Researchers Create New Gallium Oxide Semiconductor With Superior Current Capabilities

The Challenges of Gallium Nitride Semiconductors

Gallium nitride (GaN) has earned a strong reputation in power electronics, and for good reason. Its ability to switch at high frequencies while maintaining high efficiency has enabled power supplies that are significantly smaller and lighter than their silicon counterparts. Higher switching frequencies also allow designers to shrink inductive components, further reducing size and improving transient response.

Despite these advantages, GaN is not without its limitations. The most significant constraint by far is that, to date, commercially viable GaN devices are almost exclusively N-type. This limits design flexibility, particularly for CMOS-style switching architectures, where complementary P- and N-type devices are standard. N-type only devices also complicate high-side switching and the implementation of normally-off topologies, both of which are increasingly important in modern power electronics.

In practice, these limitations mean that while GaN can deliver impressive performance gains, circuit designers often have to work around its inherent constraints. The semiconductor’s strengths are clear, but fully exploiting them requires careful attention to topology and gate drive design. GaN is not a drop-in replacement for silicon; it demands a different approach, and the industry is still navigating the trade-offs.

Nagoya University Breakthrough: Stable P-Type Gallium Oxide Diodes

Gallium oxide (Ga₂O₃) has long been touted as a potential successor to silicon, silicon carbide, and even gallium nitride for power electronics. Its promise lies in higher voltage tolerance and better energy efficiency, but practical adoption has been stalled by a fundamental limitation: producing stable p-type layers. While n-type layers form reliably, the crystal structure of Ga₂O₃ resists the atoms needed for p-type conduction, leaving previous devices underperforming and limiting their commercial viability.

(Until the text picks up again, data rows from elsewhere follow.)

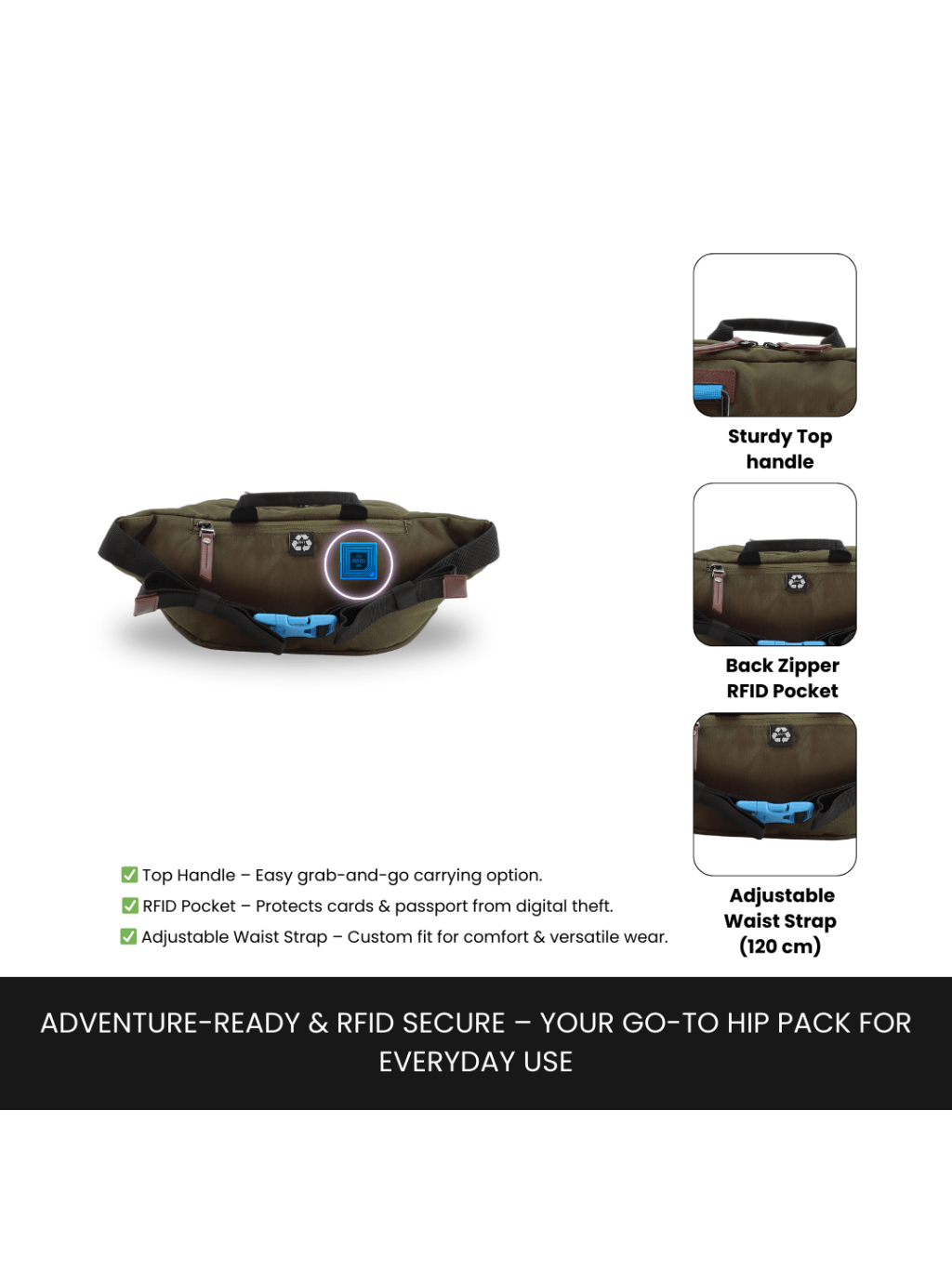 Bagsy_Discovery_Waist Bag_Icon Waist Bag 4L_D00716.11_Khaki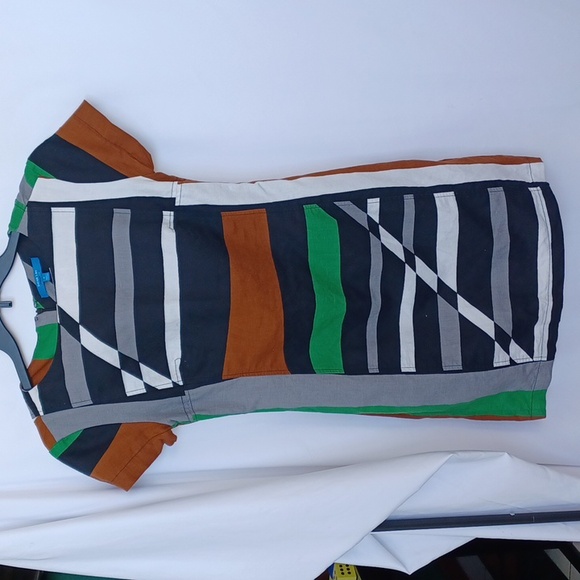 Derek Lam X Geometric Striped Linen Cotton Dress Sz. 6, 17" PTP, 32" L - Picture 2 of 7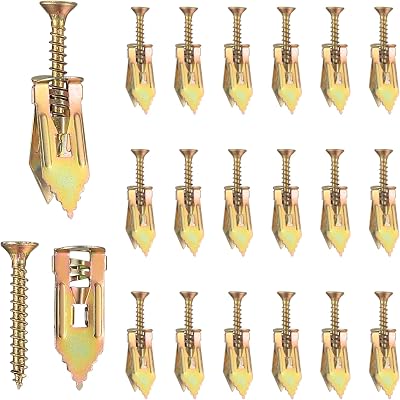 LJAPPLIED 100Pcs Plasterboard Fixings & Wall Plugs M4x30mm 50 anchors 50 screws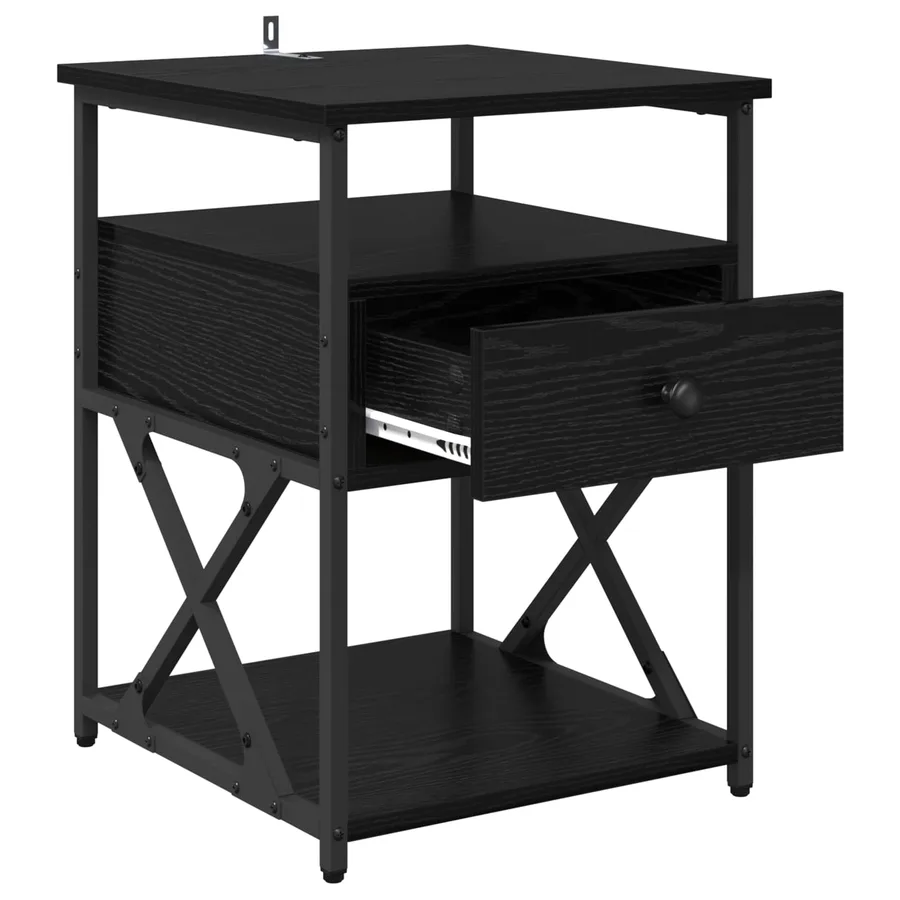 Cabinet de chevet Chêne noir 40 x 42 x 55 cm Bois d'ingénierie - 5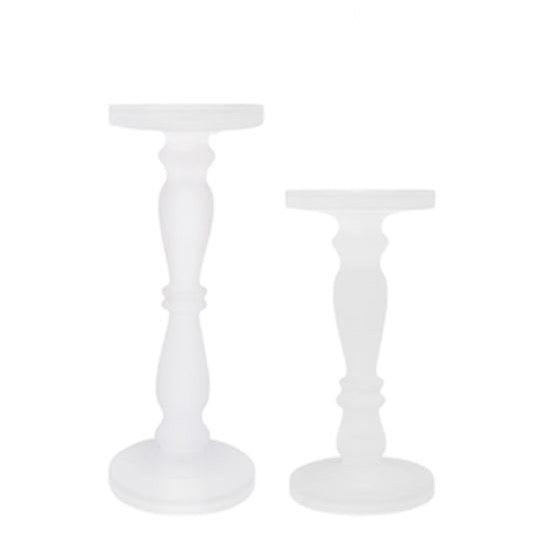 Frosted Glass Candlestick Set of 2 - Clear - Humble & Grand Homestore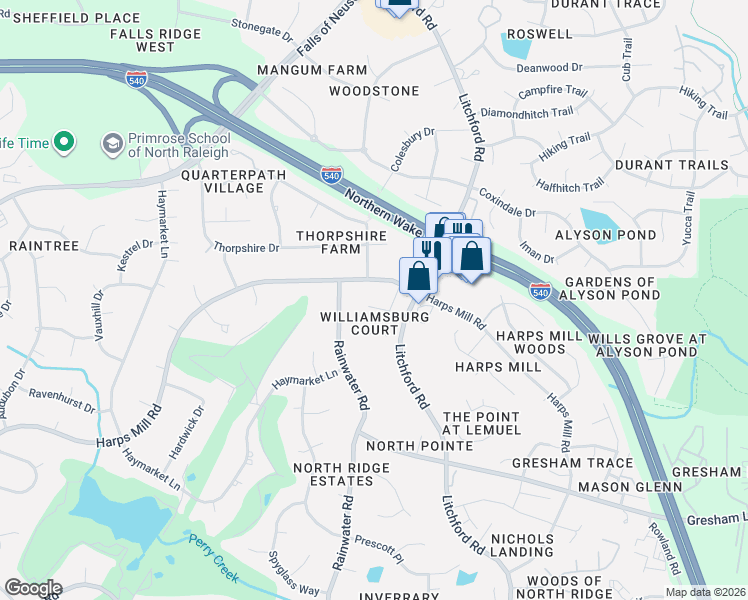 map of restaurants, bars, coffee shops, grocery stores, and more near 8213 Bellingham Circle in Raleigh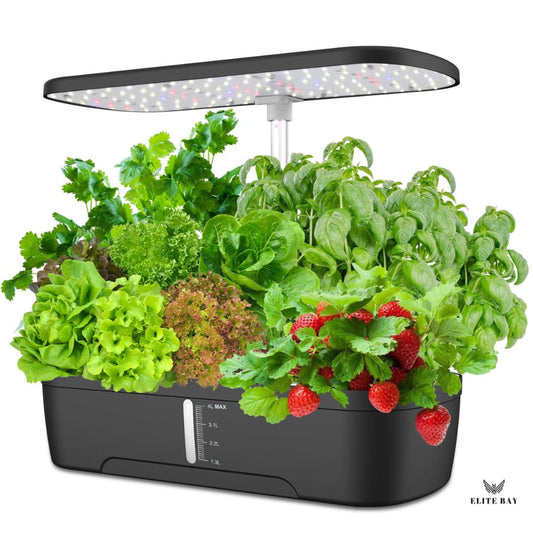 ELITE BAY-Hydroponic Growing System 12 Pods – Smart Garden with LED Display, Full-Spectrum Grow Light & 4L Water Tank | AU/US Plug | Soil-Free Planter Kit | Black |for Home, Office & Kitchen.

Image Credit: Shimizu et al., 2025

However, researchers at Nagoya University have now developed a process to reliably create p-type gallium oxide layers, enabling the first functional Ga₂O₃ pn diodes. Their method combines nickel ion implantation with a two-step annealing process: first at 300°C under a low-temperature plasma treatment and then at 950°C in oxygen. The procedure converts nickel into nickel oxide, properly integrating it into the gallium oxide lattice. The result is a pn diode capable of handling twice the current of previous Ga₂O₃ devices while maintaining energy efficiency far above conventional silicon-based diodes.

The implications of this new P-type semiconductor (and the resulting pn junction) are critical for its candidacy as a viable semiconductor. High-power systems, from electric vehicles to renewable energy inverters, stand to massively benefit from reduced energy loss, lower cooling requirements, and improved reliability. Unlike earlier experimental approaches, this method uses standard industrial equipment, suggesting the potential for scalable production.

This breakthrough in creating a p-type device addresses the main barrier that has kept gallium oxide largely theoretical for commercial power electronics. By overcoming the p-type challenge, Ga₂O₃ can now be considered a practical alternative to current semiconductor materials, promising both higher performance and lower operational costs in energy-intensive applications.

Could Ga₂O₃ Replace GaN?

It’s too early to declare gallium oxide a replacement for GaN, but the recent breakthrough is a crucial first step. Creating stable p-type layers enables true pn junctions, which have been the missing piece for practical Ga₂O₃ devices. With functional pn diodes, rectifiers and other power electronics can already operate more efficiently, reducing energy loss compared with previous Ga₂O₃ implementations.

That said, this technology remains in the developmental phase. GaN still dominates high-frequency and high-efficiency applications, and it will likely continue to do so for the foreseeable future. But the ability to form both n- and p-type layers opens a pathway for Ga₂O₃ to compete in areas where energy efficiency and high voltage handling are critical. Over the next decade, as processes mature and production scales up, gallium oxide could emerge as a viable alternative, or even a successor, to GaN in select applications.